Chief Justice Darlene Byrne

In re Westside Roofing, LLC and Paul Scott Lowery (No. 03-23-00219-CV; January 5, 2024) arose from a commercial trucking case in which plaintiff alleged neck and back injuries from a collision with a roofing company’s pickup truck. Plaintiff asserted negligence and gross negligence against the employee driver and against the employer under a respondeat superior theory. He also asserted claims for negligent hiring, training, supervision, retention, and entrustment, as well as failure to implement and maintain a safety program. Plaintiff sought more than $1 million in damages for injuries to his back and neck.

Based on discovery showing that plaintiff had previously been treated and had received an MRI for back and neck pain, defendant employer served notices of intention to take deposition by written questions with subpoenas duces tecum on four of plaintiff’s healthcare providers for six years prior to the accident. Plaintiff moved to quash, asserting that the notices were overbroad, not limited in time and scope, unduly burdensome, and harassing, and that they sought irrelevant and inadmissible evidence. Plaintiff likewise objected to each request to the extent it asked for records regarding any part of the body not limited to those injured in the accident. The trial court granted plaintiff’s motion. Defendant sought mandamus.

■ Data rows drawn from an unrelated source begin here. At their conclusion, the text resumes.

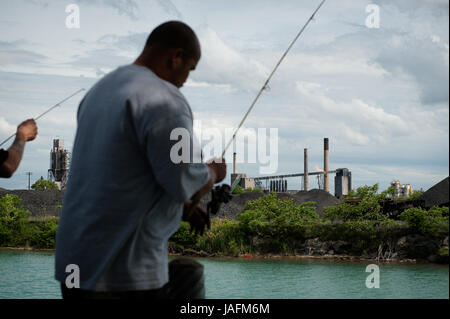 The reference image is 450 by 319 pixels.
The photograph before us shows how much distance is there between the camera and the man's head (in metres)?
1.05

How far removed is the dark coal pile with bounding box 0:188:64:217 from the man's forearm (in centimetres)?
1580

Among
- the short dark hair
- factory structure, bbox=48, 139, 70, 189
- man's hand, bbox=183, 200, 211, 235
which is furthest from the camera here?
factory structure, bbox=48, 139, 70, 189

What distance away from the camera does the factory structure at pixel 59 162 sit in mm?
39500

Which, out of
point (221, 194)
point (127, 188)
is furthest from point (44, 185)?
point (127, 188)

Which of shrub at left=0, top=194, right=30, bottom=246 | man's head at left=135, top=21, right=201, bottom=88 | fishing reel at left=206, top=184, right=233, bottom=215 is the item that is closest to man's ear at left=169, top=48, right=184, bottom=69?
man's head at left=135, top=21, right=201, bottom=88

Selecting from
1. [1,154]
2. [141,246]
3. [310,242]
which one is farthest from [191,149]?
[310,242]

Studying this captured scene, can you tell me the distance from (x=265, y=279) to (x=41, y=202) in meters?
11.1

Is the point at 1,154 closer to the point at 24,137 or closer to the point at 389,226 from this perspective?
the point at 24,137

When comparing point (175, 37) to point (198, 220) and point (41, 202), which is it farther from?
point (41, 202)

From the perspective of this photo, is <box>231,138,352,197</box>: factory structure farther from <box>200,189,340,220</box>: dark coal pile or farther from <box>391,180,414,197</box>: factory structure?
<box>391,180,414,197</box>: factory structure

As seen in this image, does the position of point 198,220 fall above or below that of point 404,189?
below

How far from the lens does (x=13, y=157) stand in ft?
4.22

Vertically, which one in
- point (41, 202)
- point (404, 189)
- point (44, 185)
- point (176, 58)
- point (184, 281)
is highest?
point (44, 185) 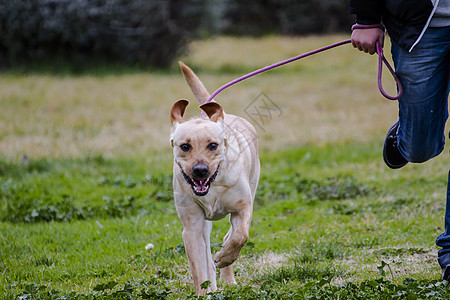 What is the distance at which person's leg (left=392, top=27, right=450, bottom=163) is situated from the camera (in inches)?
145

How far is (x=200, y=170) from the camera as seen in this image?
351cm

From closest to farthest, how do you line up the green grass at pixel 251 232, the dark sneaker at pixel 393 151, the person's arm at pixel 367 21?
1. the person's arm at pixel 367 21
2. the green grass at pixel 251 232
3. the dark sneaker at pixel 393 151

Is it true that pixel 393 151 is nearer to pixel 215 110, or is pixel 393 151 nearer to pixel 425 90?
pixel 425 90

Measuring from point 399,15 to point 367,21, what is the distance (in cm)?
21

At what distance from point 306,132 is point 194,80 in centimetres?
551

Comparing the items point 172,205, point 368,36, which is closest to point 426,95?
point 368,36

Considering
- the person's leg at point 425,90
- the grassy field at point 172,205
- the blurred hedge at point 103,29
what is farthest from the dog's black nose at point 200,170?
the blurred hedge at point 103,29

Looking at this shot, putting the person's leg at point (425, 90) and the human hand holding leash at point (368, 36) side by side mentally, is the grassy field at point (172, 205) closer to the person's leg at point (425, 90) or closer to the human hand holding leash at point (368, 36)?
the person's leg at point (425, 90)

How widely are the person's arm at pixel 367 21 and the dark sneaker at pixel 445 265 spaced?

The court of appeals conditionally granted mandamus and ordered the trial court to permit the discovery. In an opinion authored by Chief Justice Byrne and joined by Justices Triana and Theofanis, the court’s analysis hinged on SCOTX’s recent decision in In re Liberty Cnty. Mut. Ins. Co. (No. 22-0321; November 17, 2023) (reported on this site on November 21, 2023). As you may recall, Liberty involved a first-party UIM claim in which the trial court quashed the insurer’s discovery request for the previous six years of medical records from plaintiff’s primary care physician. During that period, as the insurer discovered, plaintiff had been involved in five other carwrecks, some of which involved injuries of the same type she alleged in her lawsuit. SCOTX granted the insurer’s mandamus petition, holding that plaintiff, by filing the lawsuit, placed her prior medical condition at issue, both as to causation and damages, and that denying discovery would “vitiate[] or severely compromise[] [the insurer’s] ability to present a viable defense at trial.” SCOTX held further that the insurer’s request was not overly broad because it did not involve “an unreasonably long time period” and that “evidence of the injured person’s pre-occurrence condition” was certainly relevant. Finally, the insurer had no adequate remedy on appeal because it couldn’t develop an adequate defense without the discovery and “the information sought [could not] be part of the appellate record, making it difficult, if not impossible, to determine on appeal whether its absence at trial affected the outcome.”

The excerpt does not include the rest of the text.